The couple knew they wanted a soaring, open space with a bridge connecting the two upstairs wings—the master bedroom suite and the children’s rooms. The ceilings are 20 feet high in the entrance hall and sunken living room, while the flanking rooms have an intimate scale for daily living. Open the front door and you can see straight through the house to the glass walls that frame the garden. The giant windows and the light they provide illuminate the artworks that dominate the décor.
“We want the furnishings to be comfortable and attractive,” says the wife. “We don’t collect decorative art. For the most part, our furniture is furniture. People walk in and they are surprised by the quantity of art. It’s not traditional art. It’s art of the moment. We see things that we like and we buy them and either figure out where they can be shown or we store them. My husband and I agree on the art that we buy, but we don’t always agree on where and how it should be placed!”
To that end, the couple calls upon Concept Art Gallery owner Sam Berkovitz, a longtime friend, to advise them on hanging their art. “Sam has an excellent eye—he really is good. But on the other hand, I sometimes like to argue with him.
“He comes in and we battle back and forth,” the husband says with a laugh. “It’s frustrating that we buy stuff we can’t get up, that is still crated.”
Says Berkovitz: “They have seriously studied and looked at fine art for many years. When an artwork resonates with them, they have been willing to pull the trigger and buy. I think their willingness to acquire difficult artwork has served them well.”
The owners are getting ready to rehang their collection—they’ve only done it once before—but they’re also thinking the house may have outgrown the art. A trend among many major collectors is the personal museum—Eli Broad has built four—and in many ways it’s a logical progression. The husband is on the board of the Carnegie Museum of Art while the wife sits on the Mattress Factory board, and their purchases are both informed and daring.
“We usually buy emerging artists,” says the husband. “It’s much riskier but we like the art. With less established artists, it’s more of a gamble but less of a price. We’re considered to have a good eye, but with the amount of money we have to buy art, we aren’t even on the radar among the super wealthy. Collecting art has become trendy.”
The odds have been good for the couple.

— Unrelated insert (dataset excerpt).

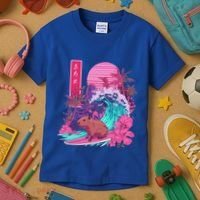 Japanese Capybara Surfing Wave Great Wave Japan Kids T-Shirt thumb 3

Their collection, bought locally and nationally through galleries and at art fairs, includes work by Sadie Benning, Nicole Eisenman, Vanessa German, John Bock, Joseph Kosuth, Matthew Monahan, Peter Saul, Charles Long and Robert Morris. Early on they bought a Christopher Wool piece for a modest price, but when approached by Christie’s they decided to sell it in the fall New York auction for a very significant gain. “But we’re buyers, not sellers,” says the husband. “They’re all like kids. We sold art one other time and it was not a good experience all around. We didn’t like parting with it in the end.”
Instead, the owners are considering moving to a warehouse kind of space that would allow them to live on one level and exhibit their collection on the other floors. “I’ve always been amazed at what Barbara Luderowski and Michael Olijnyk have accomplished at the Mattress Factory,” says the husband of the installation art museum that contains a residence on the top floor. Actually, it’s six floors, which might be dangerous for the couple.
“We’re art hoarders,” admits the wife. “We’re an art shelter,” adds the husband with a laugh. Indeed, a painting would be lucky to land in such an appreciative environment—even if it ends up waiting its turn in a stack against the wall.